Der Begriff Kanzlerdiktatur wurde erstmals von zeitgenössischen liberalen Kritikern zur Kennzeichnung der Regierung des deutschen Reiches unter dem Reichskanzler Otto von Bismarck verwendet, um dessen antiparlamentarisches Herrschaftssystem zu charakterisieren. Anfangs waren damit vor allem die letzten Tage Bismarcks Regierungszeit gemeint. Heute wird der Begriff auch im Bezug auf die Verfassung des deutschen Reiches verwendet. (vgl. auch Deutsches Kaiserreich).
Der Begriff im Bezug auf die Verfassung
Das Deutsche Reicht hatte als Bundesinstitution einen aus einen aus Vertretern der Mitgliedsstaaten gebildeten und beschlossenen Bundesrat unter dem Vorsitz des Königs von Preußen, eine parlamentarische Bundesvertretung, den "Reichstag", und eine rudimentäre Bundesexekutive, geführt und geleitet von dem preußischen Ministerpräsidenten Otto von Bismarck als Kanzler.

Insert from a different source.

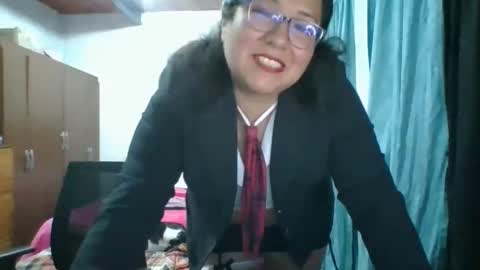 Snapshot of scarlett_widow chatting on November 18, 1:33 am scarlett_widow online show from November 18, 1:33 am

Hier zeigt sich das Machtstreben Bismarcks, denn rein verfassungstechnisch gesehen, führte der preußische Außenminister die Geschäfte des Bundesrats und war somit der Vorgesetzte des Kanzlers. Deshalb war Bismarck nicht nur Kanzler sondern auch preußischer Ministerpräsident und Außenminister in einer Person. Auch war der Reichskanzler war zwischen 1871 und 1918 allein dem Deutschen Kaiser - und nicht etwa was nahe liegend wäre dem Reichstag - verantwortlich. Einzig allein der Kaiser als Staatsoberhaupt des Deutschen Reiches berief und entließ den Reichskanzler.
Der Begriff an sich
Vor allem nach der innenpolitischen Wende von 1878/79 und der Hinwendung Bismarcks zu den Konservativen nahm die Kritik der Liberalen am Reichsgründer zu. Franz Freiherr von Roggenbach sprach von einem „allmächtigen Gewalthaber.“ Eugen Richter und Eduard Lasker sprachen von einem „Usurpator“ und „Diktator“ und beklagten das „autokratische Element (...) in der Form des Scheinkonstitutionalismus.“ Ähnlich äußerten sich auch Gustav von Mevissen und Friedrich Kapp. Der Begriff wurde in den 1880er Jahren nicht im exakt verfassungsrechtlichen Sinne gebraucht, da sich formal nichts an der untergeordneten Stellung des Kanzlers geändert hatte.
In der Folge wurde der Begriff auch von konservativen Gegnern Bismarcks wie Hans Lothar von Schweinitz, von ausländischen Diplomaten wie Lord Ampthill und später von Historikern aufgegriffen. Selbst Friedrich Meinecke, alles andere als ein Bismarckfeind, formulierte das Bismarck „auch im neuen Reich eine Art von Diktatur“ ausüben würde.
Bismarck selbst hatte zu dieser Charakterisierung beigetragen als er schrieb: „In allem, nur nicht dem Namen nach, bin ich Herr in Deutschland.“
Der Begriff in der Moderne
Bismarck war nicht der letzte Kanzlerdiktator des deutschen Reiches. Auch Adenauer hat eine Kanzlerdiktatur geführt. Zum einen, da er zeitweilig Kanzler und Außenminister gewesen war. Zum anderen war auch sein Führungsstil, zwar nicht so strikt wie der des eisernen Kanzlers, aber auch autoritär und undemokratisch.
Literatur
- Hans-Ulrich Wehler: Deutsche Gesellschaftsgeschichte. Dritter Band: Von der deutschen Doppelrevolution bis zum Beginn des ersten Weltkrieges. 1849-1914. München, 1995. S.362f.
- Hans-Ulrich Wehler: Das deutsche Kaiserreich 1871-1918. Göttingen, S.1988.